The specter of failure heavily weighed on Sam’s shoulders. A field commander’s XO, the power behind the power, was a position she’d thrived in. The field commander position exposed a slew of burdens Sam never expected—like possible treason in her CT.
The ObDeck entrance slid open with a hiss, drawing Sam’s attention from the HLHG viewscreens.
Jan’Hax, CT-2’s recon officer, strutted in with a lazy smirk on his duck-billed mouth. The Ciphereen’s smirk revealed more puckishness and a little sleaziness than arrogance. The gangly limbed Jan’Hax was the tallest six-foot-two that Sam had ever seen, hairless and with mottled green skin.
Sam sucked in a breath, but quickly regained composure. “Jan’Hax, hullo!”
“Salutations, Samantha,” Jan’Hax returned her greeting. Despite his easygoing swagger, the wrinkled fatigue around his eyes was evident when he reached her side.

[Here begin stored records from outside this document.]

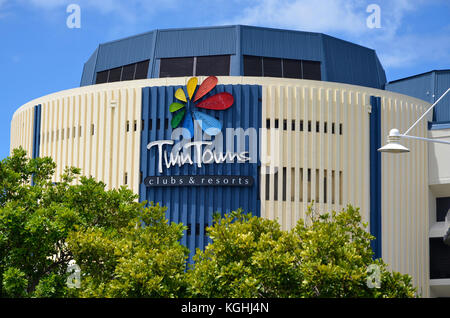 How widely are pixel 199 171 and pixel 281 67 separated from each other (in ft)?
30.4

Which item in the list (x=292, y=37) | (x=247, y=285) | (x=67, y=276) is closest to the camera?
(x=247, y=285)

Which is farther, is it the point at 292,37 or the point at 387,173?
the point at 292,37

She turned back to the HLHG4 viewscreen. “Anything?”
“None.” Jan’Hax shook his head, sounding as frustrated as Sam felt. “Addison gave me a wealth of intel. Some led to older CoE paramilitary bases we already scanned. Took another sweep. All are abandoned.”
Sam gave a humorless smile. “Of course they’re abandoned.” Unsurprising. She’d threatened Addison’s position on CT-2 unless the tech produced something useful from the databanks collected during her undercover assignment. Much of it was clearly outdated.
Or, Sam’s suspicions churned, she fed Star Brigade useless info to keep us off track?
Jan’Hax clearly sensed her disquiet. “More trouble between you and Addie?” He’d always had a talent for that.